По ощущению Шаламова, заключенные воспринимали больницу как оазис. Но и там действовал закон лагерного мира. На любителей поэзии был составлен донос. Однажды вечером в перевязочной появился главврач больницы, по кличке доктор Доктор (настоящее имя Михаил Львович Доктор), и положил конец чтениям. Фигура доктора Доктора возникает во многих «Колымских рассказах». Шаламов знал его со времени фельдшерских курсов. В рассказе «Курсы» о нем говорится как о «начальнике мстительном, мелко мстительном», который ненавидел заключенных, особенно «политических», и не упускал случая поизмываться над ними[548]. Поэтому рассказчик «Афинских ночей» нисколько не удивлен, что доктор Доктор, едва прослышав о ночных встречах в перевязочной, тут же явился сам. Правда, никаких мер в отношении участников принято не было. Кто-то, предполагает рассказчик, посоветовал ему «сдержать на сей раз свой административный восторг»[549].

Литературные воспоминания о тех недолгих «афинских ночах» служат для Шаламова поводом, чтобы еще раз выразить свое особое отношение к литературе модерна. В своем предпочтении лирике начала века они были единодушны, говорится здесь, хотя каждый из них за годы, проведенные на Колыме, провел свое, тайное «голосование», только для себя. Пережитое на золотых приисках становится таким образом испытанием на прочность поэзии: «Стихотворное наследство девятнадцатого века не удовлетворяло нас, казалось недостаточным»[550]. Еще в большей степени это относилось к современной лирике.
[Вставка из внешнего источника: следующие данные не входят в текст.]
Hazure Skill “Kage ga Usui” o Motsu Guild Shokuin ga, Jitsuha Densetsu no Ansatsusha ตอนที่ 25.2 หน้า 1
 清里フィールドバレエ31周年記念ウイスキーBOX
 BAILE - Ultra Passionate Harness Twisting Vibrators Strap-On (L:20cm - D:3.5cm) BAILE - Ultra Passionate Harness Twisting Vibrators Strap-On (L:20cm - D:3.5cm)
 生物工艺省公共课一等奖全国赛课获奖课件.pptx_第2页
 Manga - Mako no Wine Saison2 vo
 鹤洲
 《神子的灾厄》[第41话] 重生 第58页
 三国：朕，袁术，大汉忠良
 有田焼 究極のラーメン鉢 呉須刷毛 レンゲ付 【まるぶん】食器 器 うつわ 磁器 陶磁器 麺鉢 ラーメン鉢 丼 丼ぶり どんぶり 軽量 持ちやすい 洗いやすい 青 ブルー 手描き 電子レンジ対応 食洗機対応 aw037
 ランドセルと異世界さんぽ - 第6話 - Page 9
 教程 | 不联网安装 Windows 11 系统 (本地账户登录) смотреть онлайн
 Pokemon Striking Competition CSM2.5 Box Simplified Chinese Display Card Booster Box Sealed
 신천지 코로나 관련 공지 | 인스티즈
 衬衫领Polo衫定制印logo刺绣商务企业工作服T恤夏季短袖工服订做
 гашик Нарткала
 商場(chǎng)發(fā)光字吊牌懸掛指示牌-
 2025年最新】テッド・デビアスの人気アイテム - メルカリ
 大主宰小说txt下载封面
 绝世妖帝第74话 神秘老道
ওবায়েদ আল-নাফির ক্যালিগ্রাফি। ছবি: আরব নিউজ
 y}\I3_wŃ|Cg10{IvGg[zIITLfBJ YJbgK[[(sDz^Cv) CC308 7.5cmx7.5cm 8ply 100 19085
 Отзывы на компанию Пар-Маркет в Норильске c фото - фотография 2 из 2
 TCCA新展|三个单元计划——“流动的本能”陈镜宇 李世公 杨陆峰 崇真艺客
Все понимали, что «стихи — это стихи, а не стихи — не стихи, что в поэзии известность ничего не решает»[551]. Единогласно было решено не включать в «устную антологию» определенные имена — например, популярных поэтов Эдуарда Багрицкого, Владимира Луговского и Михаила Светлова. Каждый читал то, что вспомнилось. «Мой взнос: Блок, Пастернак, Анненский, Хлебников, Северянин, Каменский, Белый, Есенин, Тихонов, Ходасевич, Бунин. Из классиков: Тютчев, Баратынский, Пушкин, Лермонтов, Некрасов и Алексей Толстой»[552]. «Взнос» Португалова: Гумилев, Мандельштам, Ахматова, Цветаева, Тихонов, Сельвинский. Из классиков — Лермонтов и Григорьев («меру его удивительных стихов», добавляет Шаламов, они испытали только на Колыме). Добровольский «внес» Бернса и Шекспира в переводах Самуила Маршака, а также стихи Маяковского, Ахматовой и Пастернака[553].

Намекая на получивший после смерти Сталина широкое распространение «самиздат», рассказчик сообщает, что Добровольский даже читал «последние новинки тогдашнего „самиздата“»[554], в том числе и первый вариант «Поэмы без героя» Анны Ахматовой о сломах и ужасах русской истории XX века. Анна Ахматова закончила первую версию поэмы, над которой она работала до начала 1960-х годов, в 1942 году в эвакуации, в Ташкенте, столице советского Узбекистана. «Поэма без героя» была полностью опубликована только в годы перестройки, но короткий фрагмент из нее был помещен в одном из ленинградских журналов (эпилог Третьей части). Возможно, эти стихи отправил Добровольскому на Колыму известный тогда режиссер Иван Пырьев. Из рассказа Шаламова это не следует. Какие бы строки из поэмы ни звучали в перевязочной лагерной больницы, для автора «Афинских ночей», который наверняка знал циркулировавшую в списках окончательную версию поэмы, «Поэма без героя» Ахматовой была очевидным символом исторического потенциала постижения и силы сопротивления поэзии.

Список читавшихся в перевязочной стихов впечатляет. Он выглядит как «Кто есть кто» в русской поэзии, особенно классического периода первой половины XX века. В подробности и серьезности, с какой Шаламов постфактум описывает репертуар этих чтений, находит отражение эстетическая мера, установленная Шаламовым для собственных стихов. В рассказе ничего не говорится о том, что повествователь читал свои стихи. Для сложения поэзии не хватало обязательного условия — возможности уединиться, побыть наедине с собой. Это изменилось только в 1949 году, когда Шаламова перевели фельдшером в поселок лесорубов, где имелась своя собственная больница для заключенных.